The 2002 Irish Tour of America

Biographies

Introducing the Irish: Louis John Mooney, Brendan Kelly & Conor Buckley

Three Irish university students planning careers in politics, law and engineering have won the 42nd annual Irish Times Debate Final held Friday, Feb. 22 on the campus of NUI Maynooth. The three winners won a two-week tour of the United States sponsored jointly by The Irish Times and the National Parliamentary Debate Association. The tour will include a stop at the NPDA national championship, where the three winners will meet America’s best debaters in an exhibition on Friday, March 22 in Denver.

“I’m overwhelmed with joy,’’ said Louis John Mooney, speaking for all three. “It’s vindication for a lot of hard work.”

The Irish Times competition is a yearlong event, with preliminary rounds held in locations across Ireland. Four two-person teams, plus the four individuals advance to the championship debate. The best of the four teams and the single best individual in the Final win the Irish Times crown and the trip to America. The topic for the final round was “This house regrets the American response to September 11.”

The winning team is comprised of two students from Trinity College in Dublin who have been debating (although not always together) for six years. Brendan Kelly, 22, is a fourth-year law student from Drogheda (30 miles north of Dublin), who reached the semi-finals of the Irish Times competition in 2001. His partner Louis (pronounced Louie) John Mooney, 22, is also a fourth-year law student at Trinity who reached the semi-finals in 1999. Kelly and Mooney are also finalists in another major Irish debate championship, providing them a chance to sweep two of Ireland’s premiere debate awards in the same year.

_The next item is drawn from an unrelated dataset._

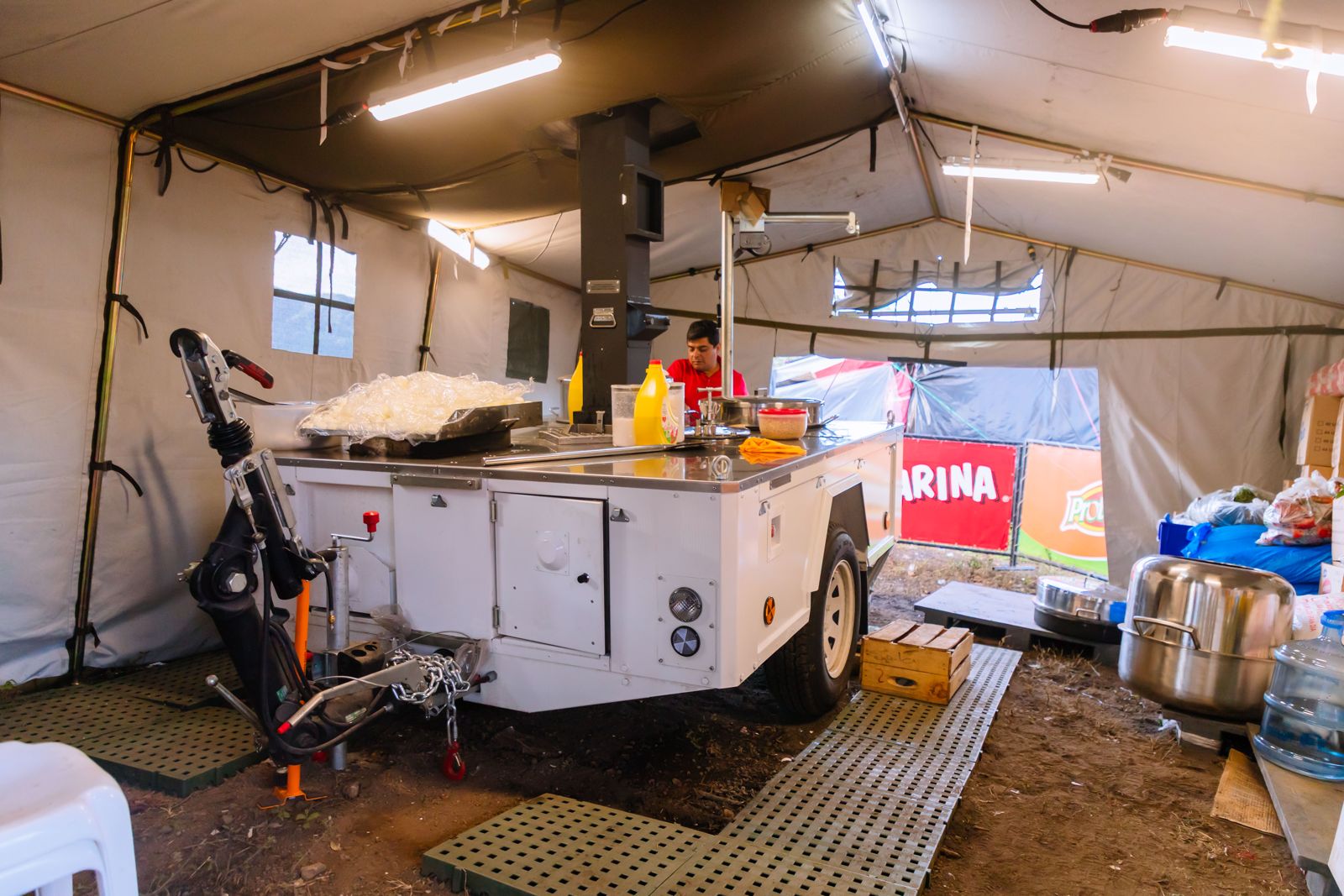 Cocina especializada para emergencias y desastres naturales. Foto: Cortesía Fundación Castillo Córdova.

However, they will face stiff competition from TCD classmates Jim McElroy and Manus De Barra, who finished a close second in this year’s Times event – and who would love nothing more than to snag one of the two Irish debating titles.

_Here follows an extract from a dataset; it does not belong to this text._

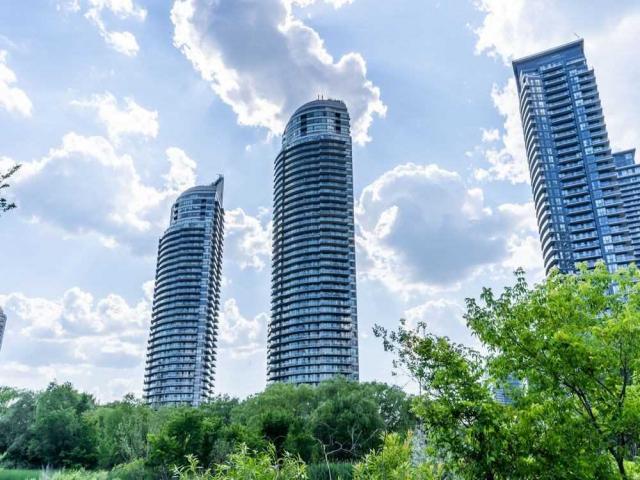 210 - 2230 Lake Shore Blvd W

Conor Buckley: The winning individual, Conor Buckley, 20, is a third-year electrical engineering student from University College in Cork. Raised on a farm in Rylane, in the county of Cork, Buckley took up debating because “I am an argumentative person.’’

Buckley admits he hasn’t fully absorbed the victory yet.

“I’m delighted, sure, but it’s tinged with a little guilt because their was another speaker that was so excellent,” said Buckley, referring to Ian Kehoe, the runner up in this year’s individual competition.

Buckley, who lives in the academic world of the sciences, enjoys needling future lawyers.

“I’m not like all those damn lawyers who take easy courses in college,’’ he grinned. ‘’I take real courses whose labs are harder than their whole courses!”


All three winners were ecstatic with their wins on Friday.


Brendan Kelly:“I’m extremely surprised and delighted,” said Kelly. “It will be my first trip to America.”

Kelly admits that his future career has a conservative agenda.

“I’m not one to save the whales,” he laughed. “I’m more likely to help someone sell them to the highest bidder.’’ Kelly, a self-described “political animal,” has already run for a local council position, and hopes to pursue political office as part of his law career.


Louis John Mooney: Mooney, a future attorney, says he’s been reading every newspaper he could find in preparation for the debates, and also has scoured Web sites for material.


Both Buckley and Mooney have had the opportunity to see parts of the United States before, but it will be Kelly’s first trip.